Segundo Marques (2013), o programa materializa o debate sobre o Fincini, com um benefício pago às crianças e adolescentes menores de 18 anos, residentes no país, ou incapacitados sem limite de idade, que sejam argentinos natos ou naturalizados ou com residência legal no país mínima de 3 anos; pertencentes a famílias cujos pais se encontram desempregados, exerçam atividade doméstica ou exerçam atividade na economia informal. No caso dos desempregados, não podem estar recebendo o seguro desemprego e, no caso dos dois últimos, a remuneração não pode ser superior a um salário mínimo106 (MARQUES, 2013, p.306). Os valores do benefício são pagos de forma condicionada: 80% são pagos diretamente e 20% são depositados em uma conta, podendo ser retirados uma vez ao ano desde que comprovada à frequência escolar e o cumprimento do calendário de vacinação, além dos demais controles de saúde definidos pelo Ministério da Saúde (MARQUES, 2013, p.307).

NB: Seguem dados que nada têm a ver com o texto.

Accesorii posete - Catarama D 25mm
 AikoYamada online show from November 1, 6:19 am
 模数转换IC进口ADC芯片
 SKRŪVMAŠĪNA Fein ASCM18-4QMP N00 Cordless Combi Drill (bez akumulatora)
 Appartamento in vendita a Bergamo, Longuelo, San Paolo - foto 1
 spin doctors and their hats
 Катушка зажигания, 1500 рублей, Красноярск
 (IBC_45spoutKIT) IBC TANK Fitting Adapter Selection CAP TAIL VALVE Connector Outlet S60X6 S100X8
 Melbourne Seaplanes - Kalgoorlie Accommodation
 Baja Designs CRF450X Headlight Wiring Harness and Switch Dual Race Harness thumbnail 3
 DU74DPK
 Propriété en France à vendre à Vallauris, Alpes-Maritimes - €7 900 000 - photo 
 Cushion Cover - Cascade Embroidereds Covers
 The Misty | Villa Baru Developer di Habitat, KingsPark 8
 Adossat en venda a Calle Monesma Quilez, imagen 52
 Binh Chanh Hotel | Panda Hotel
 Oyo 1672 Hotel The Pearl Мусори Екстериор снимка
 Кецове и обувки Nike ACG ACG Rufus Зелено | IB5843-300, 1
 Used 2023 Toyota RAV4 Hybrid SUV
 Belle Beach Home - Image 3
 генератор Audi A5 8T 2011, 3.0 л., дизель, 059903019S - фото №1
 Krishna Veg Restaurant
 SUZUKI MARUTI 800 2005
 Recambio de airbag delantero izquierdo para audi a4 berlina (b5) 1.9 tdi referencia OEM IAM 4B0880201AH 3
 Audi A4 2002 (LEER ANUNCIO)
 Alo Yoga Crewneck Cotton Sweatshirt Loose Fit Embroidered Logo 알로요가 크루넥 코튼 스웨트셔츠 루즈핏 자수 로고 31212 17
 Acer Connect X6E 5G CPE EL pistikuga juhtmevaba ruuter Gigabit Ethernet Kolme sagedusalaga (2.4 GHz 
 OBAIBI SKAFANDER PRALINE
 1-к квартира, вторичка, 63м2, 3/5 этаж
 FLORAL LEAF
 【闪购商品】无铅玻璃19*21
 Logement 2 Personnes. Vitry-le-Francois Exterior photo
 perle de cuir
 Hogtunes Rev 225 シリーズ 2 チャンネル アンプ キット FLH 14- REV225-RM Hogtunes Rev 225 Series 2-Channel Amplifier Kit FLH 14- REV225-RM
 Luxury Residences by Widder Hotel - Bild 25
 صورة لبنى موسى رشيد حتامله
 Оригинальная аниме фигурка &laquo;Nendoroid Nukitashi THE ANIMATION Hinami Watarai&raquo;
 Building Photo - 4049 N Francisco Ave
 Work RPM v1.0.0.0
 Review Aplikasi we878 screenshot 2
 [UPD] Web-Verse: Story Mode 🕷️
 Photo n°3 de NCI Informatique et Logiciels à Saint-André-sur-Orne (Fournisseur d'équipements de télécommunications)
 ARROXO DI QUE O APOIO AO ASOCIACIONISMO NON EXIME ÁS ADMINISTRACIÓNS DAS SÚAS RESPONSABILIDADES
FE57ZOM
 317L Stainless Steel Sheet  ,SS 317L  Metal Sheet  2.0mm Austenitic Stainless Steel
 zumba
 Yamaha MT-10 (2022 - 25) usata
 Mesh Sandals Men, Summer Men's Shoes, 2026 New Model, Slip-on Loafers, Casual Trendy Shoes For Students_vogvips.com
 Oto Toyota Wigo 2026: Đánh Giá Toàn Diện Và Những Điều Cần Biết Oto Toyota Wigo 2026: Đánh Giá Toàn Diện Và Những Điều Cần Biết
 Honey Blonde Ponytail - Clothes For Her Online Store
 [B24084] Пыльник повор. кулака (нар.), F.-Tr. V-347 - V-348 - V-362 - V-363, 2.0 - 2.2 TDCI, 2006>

De um modo geral podemos averiguar que, assim como ocorre em boa parte dos países, a Argentina encontra-se no limiar das discussões sobre a implantação de programas de renda mínima como direito universal (de todos os cidadãos, não apenas destinados a grupos em situação de pobreza). Porém, a opção Argentina, bem como em outros países da região, ainda está focada em públicos-alvos seletivos, compreendidos não como direitos sociais, mas como políticas de combate à pobreza.